TASK STATEMENT:
Make an exact copy of all the entries, with the pictures left out.

(Pictures with short captions)
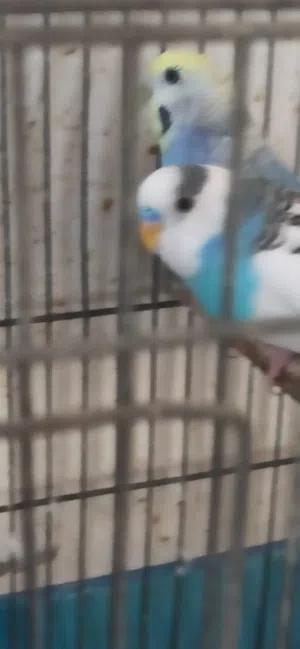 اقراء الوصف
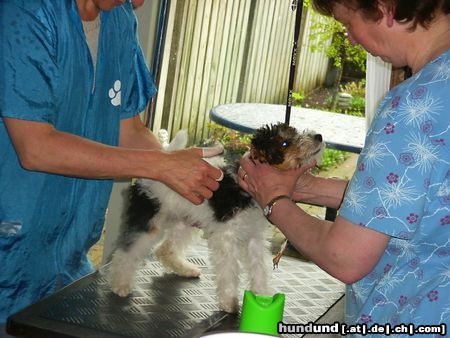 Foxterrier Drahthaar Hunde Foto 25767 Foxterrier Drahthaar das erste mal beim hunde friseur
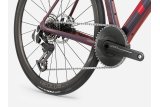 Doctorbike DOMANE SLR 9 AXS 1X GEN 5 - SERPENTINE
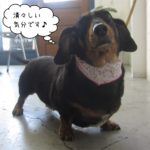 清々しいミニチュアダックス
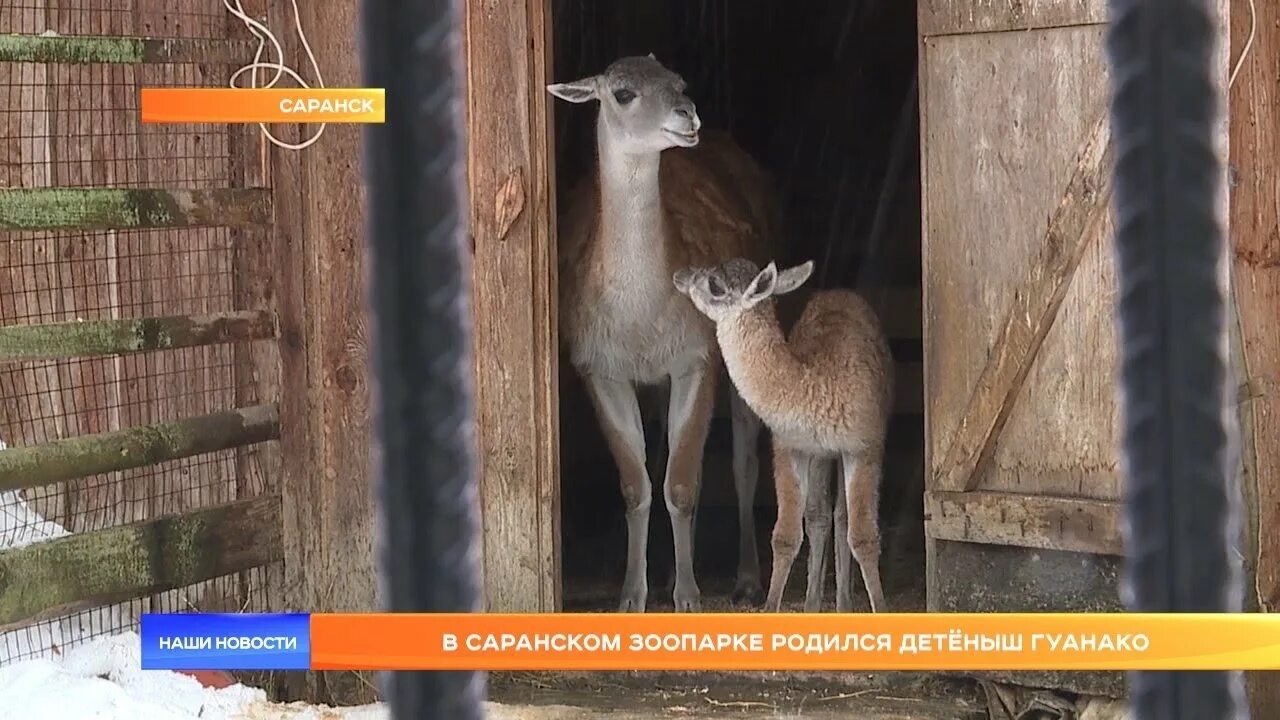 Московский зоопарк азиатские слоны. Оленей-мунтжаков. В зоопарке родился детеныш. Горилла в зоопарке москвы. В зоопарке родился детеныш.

ANSWER AREA:
 اقراء الوصف
 Foxterrier Drahthaar Hunde Foto 25767 Foxterrier Drahthaar das erste mal beim hunde friseur
 Doctorbike DOMANE SLR 9 AXS 1X GEN 5 - SERPENTINE
 清々しいミニチュアダックス
 Московский зоопарк азиатские слоны. Оленей-мунтжаков. В зоопарке родился детеныш. Горилла в зоопарке москвы. В зоопарке родился детеныш.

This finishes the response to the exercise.